Is being taken private necessarily a bad thing?

As tech investors have seen with Michael Dell’s efforts to take personal computer giant Dell Inc. (NASDAQ:DELL) private again, being taken private after several years on the public market is not a positive sign. It usually indicates that a company needs to restructure its operations for longer-term growth away from the myopic gaze of investors more concerned with quarterly reports.

For Dole Food Company, Inc. (NYSE:DOLE), that may be the case as well. Dole’s investors recently expressed dismay over the company’s indefinite suspension of its share buyback plan to buy three custom built refrigerated container ships for $165 million. Analysts are also becoming increasingly bearish on the company’s growth prospects, with Thomson Reuters’ StarMine valuing the intrinsic value (based on ten-year growth models) of the company at $9.46 per share – 21% lower than Murdock’s offer. To top top that off, Dole has reported losses for three consecutive quarters.

Prior to Murdock’s offer, shares of Dole Food Company, Inc. (NYSE:DOLE) had plunged 33% from its all-time high of $15.16 in September. That surge in September was attributed to the sale of Dole’s packaged foods and Asia fresh produce business to Japanese conglomerate Itochu for $1.7 billion. That sale reduced Dole’s size by a third, leaving the company with only its fruit and vegetables operations in North America, and its fruit business in Latin America, Europe and Africa.

Lastly, Dole and Fresh Del Monte Produce Inc (NYSE:FDP) were both fined in 2008 by the EU for price collusion of banana exports. Fresh Del Monte recently won a reduction of its fine to 8.82 million euros ($11.4 million), while Dole Food Company, Inc. (NYSE:DOLE) lost an appeal to reduce its 45.6 million euro ($60.7 million) fine. That big fine is currently weighing down Dole’s quarterly earnings.

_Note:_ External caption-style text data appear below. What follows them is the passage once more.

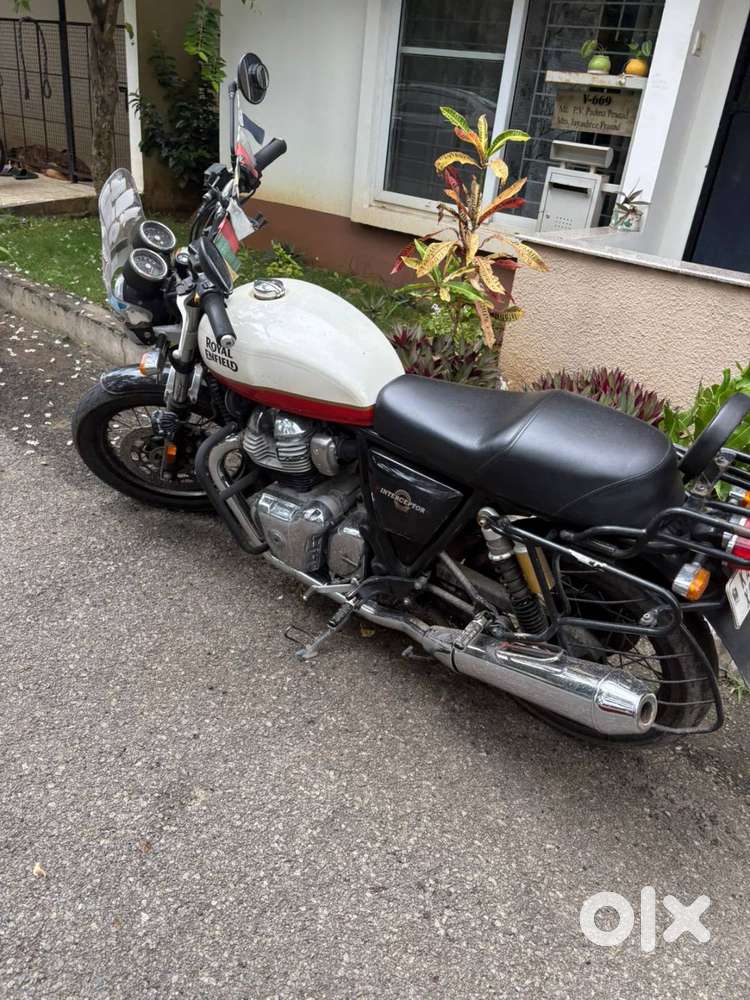 Interceptor 650 Bakers Express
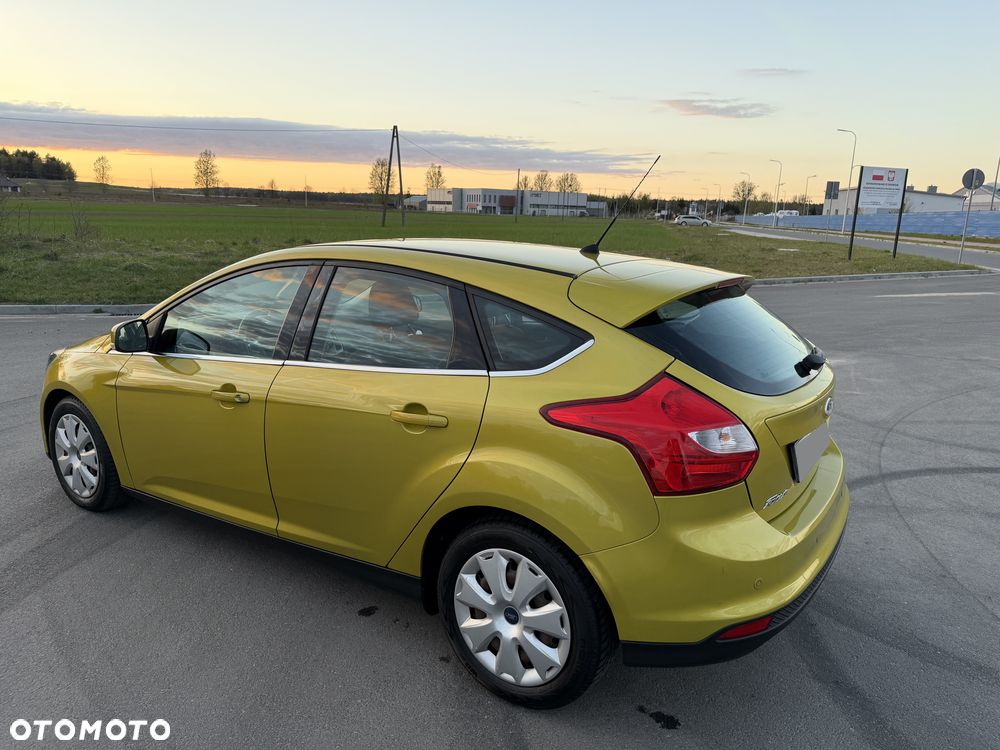 Ford Focus 1.6 EcoBoost Gold X (Trend) - 22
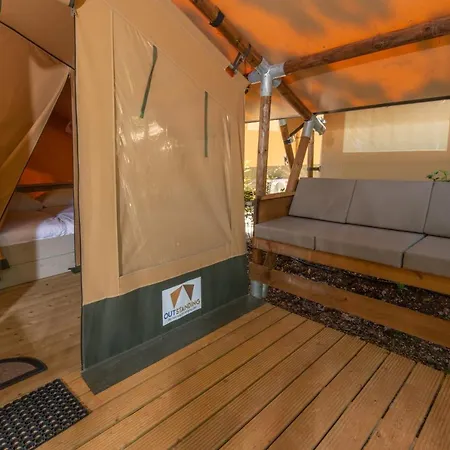 Mobile Homes Bijela Uvala Vacanceselect ポレッチ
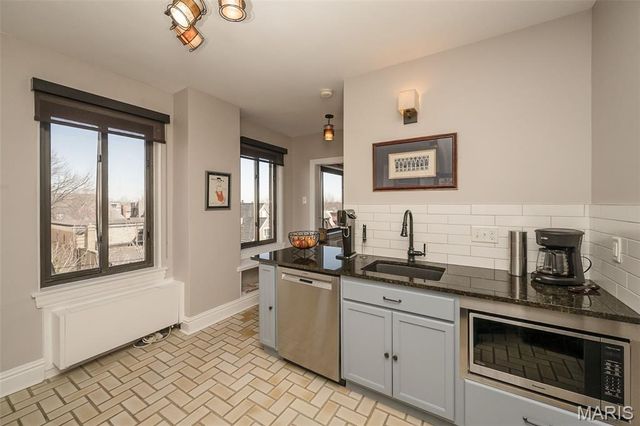 410 N Newstead Avenue 4E, St Louis, MO 63108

Faced with these daunting headwinds, it seems like an ideal time for 90-year old Murdock, who took over Dole Food Company from the nearly bankrupt Hawaiian firm Castle & Cooke in 1985, to take the company private. This wouldn’t be the first time Murdock has taken the company private – he initially acquired Dole privately in 2003 and took it public in 2009.

Murdock, who already owns 40% of Dole Food Company, Inc. (NYSE:DOLE)’s outstanding shares, will have to pay $645 million for the rest of the company – no big deal for a man with a net worth of $2.4 billion who plans to live until the age of 125.

Let’s go bananas!

In my opinion, Murdock is smart to take Dole private before the industry hits more challenging headwinds over the next few years.

Last quarter, Fresh Del Monte Produce Inc (NYSE:FDP) reported a 34% year-on-year plunge in diluted earnings as revenue rose 2.3%. Its margins contracted across the board, with net margin dropping the most, from 6.7% to 4.5%. Higher sales of fresh produce in North America and the Middle East were offset by lower banana prices in Europe and softer demand for its fruit and vegetables across the region.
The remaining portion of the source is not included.